EXERCISE PROMPT: Reproduce only the lines of the material below that start at the line containing "Promate VocaMic-2 Wireless" and stop at the line containing "Luis Felipe Santiago". Keep both end lines.

-------- EXERCISE INPUT --------

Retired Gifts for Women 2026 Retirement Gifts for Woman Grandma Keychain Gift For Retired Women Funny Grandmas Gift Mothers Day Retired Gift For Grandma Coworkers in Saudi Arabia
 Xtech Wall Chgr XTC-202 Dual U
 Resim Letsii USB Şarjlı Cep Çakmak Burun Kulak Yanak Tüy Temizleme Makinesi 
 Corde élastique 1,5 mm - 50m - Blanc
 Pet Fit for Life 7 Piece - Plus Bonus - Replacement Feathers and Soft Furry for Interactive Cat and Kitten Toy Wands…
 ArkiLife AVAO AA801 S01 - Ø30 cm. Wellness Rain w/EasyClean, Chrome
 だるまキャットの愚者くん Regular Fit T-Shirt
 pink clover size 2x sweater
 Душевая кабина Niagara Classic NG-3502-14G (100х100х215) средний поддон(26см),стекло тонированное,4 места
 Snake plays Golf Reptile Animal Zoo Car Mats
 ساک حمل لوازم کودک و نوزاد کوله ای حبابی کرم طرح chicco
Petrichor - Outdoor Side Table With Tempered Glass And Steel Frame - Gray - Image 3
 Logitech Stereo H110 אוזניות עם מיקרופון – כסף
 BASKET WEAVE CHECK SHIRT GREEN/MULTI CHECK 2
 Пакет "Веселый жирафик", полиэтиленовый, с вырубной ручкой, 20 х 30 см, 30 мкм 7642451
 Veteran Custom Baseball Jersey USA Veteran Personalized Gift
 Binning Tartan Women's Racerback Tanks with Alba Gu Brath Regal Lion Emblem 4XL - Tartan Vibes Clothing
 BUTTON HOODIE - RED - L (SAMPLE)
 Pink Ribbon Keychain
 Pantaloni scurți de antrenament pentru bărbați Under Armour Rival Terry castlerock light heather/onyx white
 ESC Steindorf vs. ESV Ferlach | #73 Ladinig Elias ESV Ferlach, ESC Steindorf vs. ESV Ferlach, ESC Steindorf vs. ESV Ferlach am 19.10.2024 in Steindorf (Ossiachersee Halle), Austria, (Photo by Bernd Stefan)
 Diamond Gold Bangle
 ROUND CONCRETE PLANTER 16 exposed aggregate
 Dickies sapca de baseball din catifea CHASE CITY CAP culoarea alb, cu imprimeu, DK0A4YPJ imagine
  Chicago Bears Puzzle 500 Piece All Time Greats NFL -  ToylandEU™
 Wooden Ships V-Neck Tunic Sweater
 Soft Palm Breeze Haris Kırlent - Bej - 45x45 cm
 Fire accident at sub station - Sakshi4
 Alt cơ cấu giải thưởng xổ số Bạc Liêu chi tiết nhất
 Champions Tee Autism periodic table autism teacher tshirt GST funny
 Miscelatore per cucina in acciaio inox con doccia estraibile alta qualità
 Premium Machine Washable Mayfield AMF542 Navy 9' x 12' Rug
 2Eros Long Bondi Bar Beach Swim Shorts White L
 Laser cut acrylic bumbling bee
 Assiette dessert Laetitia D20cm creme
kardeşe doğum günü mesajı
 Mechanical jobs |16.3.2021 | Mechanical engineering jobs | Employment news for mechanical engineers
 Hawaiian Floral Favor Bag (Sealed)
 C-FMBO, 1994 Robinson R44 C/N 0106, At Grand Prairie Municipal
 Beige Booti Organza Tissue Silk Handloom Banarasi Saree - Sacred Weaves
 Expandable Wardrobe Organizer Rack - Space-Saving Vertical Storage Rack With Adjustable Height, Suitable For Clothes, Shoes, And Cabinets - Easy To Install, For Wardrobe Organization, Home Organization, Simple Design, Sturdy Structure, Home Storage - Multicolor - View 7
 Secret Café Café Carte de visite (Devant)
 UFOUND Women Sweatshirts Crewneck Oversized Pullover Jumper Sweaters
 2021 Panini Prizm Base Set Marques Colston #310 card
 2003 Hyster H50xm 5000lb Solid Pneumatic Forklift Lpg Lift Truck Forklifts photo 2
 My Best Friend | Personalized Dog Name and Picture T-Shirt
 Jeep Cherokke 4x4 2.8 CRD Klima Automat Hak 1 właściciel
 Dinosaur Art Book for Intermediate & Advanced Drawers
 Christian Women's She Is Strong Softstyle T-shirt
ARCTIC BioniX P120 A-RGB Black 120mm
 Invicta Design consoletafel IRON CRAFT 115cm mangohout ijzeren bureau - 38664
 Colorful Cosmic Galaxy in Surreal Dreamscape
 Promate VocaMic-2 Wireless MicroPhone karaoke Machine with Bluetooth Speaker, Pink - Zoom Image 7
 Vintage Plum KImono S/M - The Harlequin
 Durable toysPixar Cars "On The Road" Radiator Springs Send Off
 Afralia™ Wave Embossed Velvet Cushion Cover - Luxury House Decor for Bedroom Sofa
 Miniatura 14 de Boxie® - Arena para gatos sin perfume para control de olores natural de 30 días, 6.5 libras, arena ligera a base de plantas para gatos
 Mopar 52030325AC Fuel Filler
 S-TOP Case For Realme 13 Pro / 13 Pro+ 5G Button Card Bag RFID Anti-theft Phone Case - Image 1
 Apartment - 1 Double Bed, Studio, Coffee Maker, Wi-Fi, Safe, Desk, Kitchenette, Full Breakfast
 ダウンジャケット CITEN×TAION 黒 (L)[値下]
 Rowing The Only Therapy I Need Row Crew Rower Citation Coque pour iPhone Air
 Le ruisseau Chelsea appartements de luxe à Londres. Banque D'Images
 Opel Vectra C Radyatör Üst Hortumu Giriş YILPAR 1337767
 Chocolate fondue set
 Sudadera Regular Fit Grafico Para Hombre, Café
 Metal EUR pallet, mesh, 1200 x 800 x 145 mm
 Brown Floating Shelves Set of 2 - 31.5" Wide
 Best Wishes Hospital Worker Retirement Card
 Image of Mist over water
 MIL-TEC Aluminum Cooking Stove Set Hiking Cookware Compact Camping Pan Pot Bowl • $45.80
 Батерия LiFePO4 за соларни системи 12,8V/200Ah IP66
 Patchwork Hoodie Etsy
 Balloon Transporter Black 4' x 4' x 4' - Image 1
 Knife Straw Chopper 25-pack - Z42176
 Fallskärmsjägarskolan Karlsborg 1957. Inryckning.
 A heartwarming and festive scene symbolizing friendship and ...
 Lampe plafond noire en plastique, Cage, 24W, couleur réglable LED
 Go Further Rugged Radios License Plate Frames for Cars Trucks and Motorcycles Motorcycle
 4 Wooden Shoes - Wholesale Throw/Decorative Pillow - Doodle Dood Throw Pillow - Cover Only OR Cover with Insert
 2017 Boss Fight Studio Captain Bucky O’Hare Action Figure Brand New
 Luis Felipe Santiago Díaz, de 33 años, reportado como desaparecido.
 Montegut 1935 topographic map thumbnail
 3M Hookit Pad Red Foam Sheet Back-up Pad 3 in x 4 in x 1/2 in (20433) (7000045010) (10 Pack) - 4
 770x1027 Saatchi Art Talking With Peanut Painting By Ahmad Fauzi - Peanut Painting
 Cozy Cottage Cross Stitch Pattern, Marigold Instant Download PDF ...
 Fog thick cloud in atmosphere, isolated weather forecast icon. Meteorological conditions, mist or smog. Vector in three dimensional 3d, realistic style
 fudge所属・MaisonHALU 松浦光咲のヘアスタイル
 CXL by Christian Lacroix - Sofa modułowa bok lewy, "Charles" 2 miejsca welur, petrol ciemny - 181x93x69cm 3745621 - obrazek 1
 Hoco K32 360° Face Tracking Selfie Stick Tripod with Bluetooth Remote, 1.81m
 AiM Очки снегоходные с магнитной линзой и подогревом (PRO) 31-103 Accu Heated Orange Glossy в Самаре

--------

EXERCISE ANSWER:
 Promate VocaMic-2 Wireless MicroPhone karaoke Machine with Bluetooth Speaker, Pink - Zoom Image 7
 Vintage Plum KImono S/M - The Harlequin
 Durable toysPixar Cars "On The Road" Radiator Springs Send Off
 Afralia™ Wave Embossed Velvet Cushion Cover - Luxury House Decor for Bedroom Sofa
 Miniatura 14 de Boxie® - Arena para gatos sin perfume para control de olores natural de 30 días, 6.5 libras, arena ligera a base de plantas para gatos
 Mopar 52030325AC Fuel Filler
 S-TOP Case For Realme 13 Pro / 13 Pro+ 5G Button Card Bag RFID Anti-theft Phone Case - Image 1
 Apartment - 1 Double Bed, Studio, Coffee Maker, Wi-Fi, Safe, Desk, Kitchenette, Full Breakfast
 ダウンジャケット CITEN×TAION 黒 (L)[値下]
 Rowing The Only Therapy I Need Row Crew Rower Citation Coque pour iPhone Air
 Le ruisseau Chelsea appartements de luxe à Londres. Banque D'Images
 Opel Vectra C Radyatör Üst Hortumu Giriş YILPAR 1337767
 Chocolate fondue set
 Sudadera Regular Fit Grafico Para Hombre, Café
 Metal EUR pallet, mesh, 1200 x 800 x 145 mm
 Brown Floating Shelves Set of 2 - 31.5" Wide
 Best Wishes Hospital Worker Retirement Card
 Image of Mist over water
 MIL-TEC Aluminum Cooking Stove Set Hiking Cookware Compact Camping Pan Pot Bowl • $45.80
 Батерия LiFePO4 за соларни системи 12,8V/200Ah IP66
 Patchwork Hoodie Etsy
 Balloon Transporter Black 4' x 4' x 4' - Image 1
 Knife Straw Chopper 25-pack - Z42176
 Fallskärmsjägarskolan Karlsborg 1957. Inryckning.
 A heartwarming and festive scene symbolizing friendship and ...
 Lampe plafond noire en plastique, Cage, 24W, couleur réglable LED
 Go Further Rugged Radios License Plate Frames for Cars Trucks and Motorcycles Motorcycle
 4 Wooden Shoes - Wholesale Throw/Decorative Pillow - Doodle Dood Throw Pillow - Cover Only OR Cover with Insert
 2017 Boss Fight Studio Captain Bucky O’Hare Action Figure Brand New
 Luis Felipe Santiago Díaz, de 33 años, reportado como desaparecido.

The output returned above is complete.